A slight extension to this recipe can be made to have closures emulate instances of a class. All you need to do is copy the inner functions over to the dictionary of an instance and return it. For example:

import sys
class ClosureInstance:
    def __init__(self, locals=None):
        if locals is None:
            locals = sys._getframe(1).f_locals

        # Update instance dictionary with callables
        self.__dict__.update((key,value) for key, value in locals.items()
                             if callable(value) )
    # Redirect special methods
    def __len__(self):
        return self.__dict__['__len__']()

# Example use
def Stack():
    items = []

    def push(item):
        items.append(item)

    def pop():
        return items.pop()

    def __len__():
        return len(items)

    return ClosureInstance()

Here’s an interactive session to show that it actually works:

>>> s = Stack()
>>> s
<__main__.ClosureInstance object at 0x10069ed10>
>>> s.push(10)
>>> s.push(20)
>>> s.push('Hello')
>>> len(s)
3
>>> s.pop()
'Hello'
>>> s.pop()
20
>>> s.pop()
10
>>>

Interestingly, this code runs a bit faster than using a normal class definition. For example, you might be inclined to test the performance against a class like this:

class Stack2:
    def __init__(self):
        self.items = []

    def push(self, item):
        self.items.append(item)

    def pop(self):
        return self.items.pop()

    def __len__(self):
        return len(self.items)

If you do, you’ll get results similar to the following:

>>> from timeit import timeit
>>> # Test involving closures
>>> s = Stack()
>>> timeit('s.push(1);s.pop()', 'from __main__ import s')
0.9874754269840196
>>> # Test involving a class
>>> s = Stack2()
>>> timeit('s.push(1);s.pop()', 'from __main__ import s')
1.0707052160287276
>>>

As shown, the closure version runs about 8% faster. Most of that is coming from streamlined access to the instance variables. Closures are faster because there’s no extra self variable involved.

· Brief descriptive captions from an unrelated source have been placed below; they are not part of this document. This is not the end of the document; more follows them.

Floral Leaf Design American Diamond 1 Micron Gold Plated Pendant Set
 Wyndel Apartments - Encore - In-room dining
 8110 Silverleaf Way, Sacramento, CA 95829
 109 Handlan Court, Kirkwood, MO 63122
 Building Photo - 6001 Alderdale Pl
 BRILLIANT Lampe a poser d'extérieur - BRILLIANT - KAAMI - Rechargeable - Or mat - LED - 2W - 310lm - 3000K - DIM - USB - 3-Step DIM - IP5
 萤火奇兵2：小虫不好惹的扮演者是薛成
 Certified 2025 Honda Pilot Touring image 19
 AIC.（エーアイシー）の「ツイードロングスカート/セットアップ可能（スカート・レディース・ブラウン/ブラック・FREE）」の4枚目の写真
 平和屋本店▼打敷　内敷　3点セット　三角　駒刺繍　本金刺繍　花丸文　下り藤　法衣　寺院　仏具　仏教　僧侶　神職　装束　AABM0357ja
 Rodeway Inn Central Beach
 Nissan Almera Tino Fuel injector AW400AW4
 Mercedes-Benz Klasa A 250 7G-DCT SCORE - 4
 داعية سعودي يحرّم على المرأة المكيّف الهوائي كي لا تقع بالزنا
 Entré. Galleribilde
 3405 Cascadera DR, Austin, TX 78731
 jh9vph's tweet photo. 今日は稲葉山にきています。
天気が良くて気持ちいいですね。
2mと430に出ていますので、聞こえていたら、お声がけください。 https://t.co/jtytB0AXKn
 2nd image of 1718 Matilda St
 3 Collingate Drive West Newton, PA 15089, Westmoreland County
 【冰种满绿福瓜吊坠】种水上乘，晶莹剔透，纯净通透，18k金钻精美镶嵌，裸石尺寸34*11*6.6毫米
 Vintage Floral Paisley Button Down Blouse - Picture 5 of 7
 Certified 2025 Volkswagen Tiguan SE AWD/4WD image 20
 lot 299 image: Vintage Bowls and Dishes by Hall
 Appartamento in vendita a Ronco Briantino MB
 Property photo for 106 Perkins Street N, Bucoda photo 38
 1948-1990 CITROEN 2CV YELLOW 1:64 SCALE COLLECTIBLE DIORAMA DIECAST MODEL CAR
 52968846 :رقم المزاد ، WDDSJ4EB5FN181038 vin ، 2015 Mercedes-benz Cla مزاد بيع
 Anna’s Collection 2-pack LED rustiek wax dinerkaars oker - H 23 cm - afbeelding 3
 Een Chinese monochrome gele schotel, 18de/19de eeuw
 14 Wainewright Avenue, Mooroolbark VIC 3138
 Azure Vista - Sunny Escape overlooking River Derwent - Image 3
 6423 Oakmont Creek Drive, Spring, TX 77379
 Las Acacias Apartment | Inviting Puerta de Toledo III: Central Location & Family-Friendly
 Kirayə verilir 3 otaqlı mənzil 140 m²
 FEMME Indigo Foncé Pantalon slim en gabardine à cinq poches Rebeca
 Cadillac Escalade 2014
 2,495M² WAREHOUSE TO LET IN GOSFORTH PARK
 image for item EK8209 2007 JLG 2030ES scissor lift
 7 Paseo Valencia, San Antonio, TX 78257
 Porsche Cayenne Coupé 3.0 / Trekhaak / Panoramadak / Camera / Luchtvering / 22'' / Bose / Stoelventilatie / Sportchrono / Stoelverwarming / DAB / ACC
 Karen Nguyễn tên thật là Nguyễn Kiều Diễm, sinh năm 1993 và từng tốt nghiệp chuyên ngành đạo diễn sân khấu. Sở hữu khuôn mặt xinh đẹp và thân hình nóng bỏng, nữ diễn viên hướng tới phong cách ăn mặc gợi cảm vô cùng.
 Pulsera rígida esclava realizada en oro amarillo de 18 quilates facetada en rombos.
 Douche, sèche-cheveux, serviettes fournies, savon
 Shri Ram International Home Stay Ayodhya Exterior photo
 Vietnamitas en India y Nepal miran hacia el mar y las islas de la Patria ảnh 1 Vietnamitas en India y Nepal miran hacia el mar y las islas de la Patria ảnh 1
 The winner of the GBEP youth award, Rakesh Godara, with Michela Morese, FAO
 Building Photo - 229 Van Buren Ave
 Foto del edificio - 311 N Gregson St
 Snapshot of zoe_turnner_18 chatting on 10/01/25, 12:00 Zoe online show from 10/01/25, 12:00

Raymond Hettinger has devised an even more diabolical variant of this idea. However, should you be inclined to do something like this in your code, be aware that it’s still a rather weird substitute for a real class. For example, major features such as inheritance, properties, descriptors, or class methods don’t work. You also have to play some tricks to get special methods to work (e.g., see the implementation of __len__() in ClosureInstance).

Lastly, you’ll run the risk of confusing people who read your code and wonder why it doesn’t look anything like a normal class definition (of course, they’ll also wonder why it’s faster). Nevertheless, it’s an interesting example of what can be done by providing access to the internals of a closure.

In the big picture, adding methods to closures might have more utility in settings where you want to do things like reset the internal state, flush buffers, clear caches, or have some kind of feedback mechanism.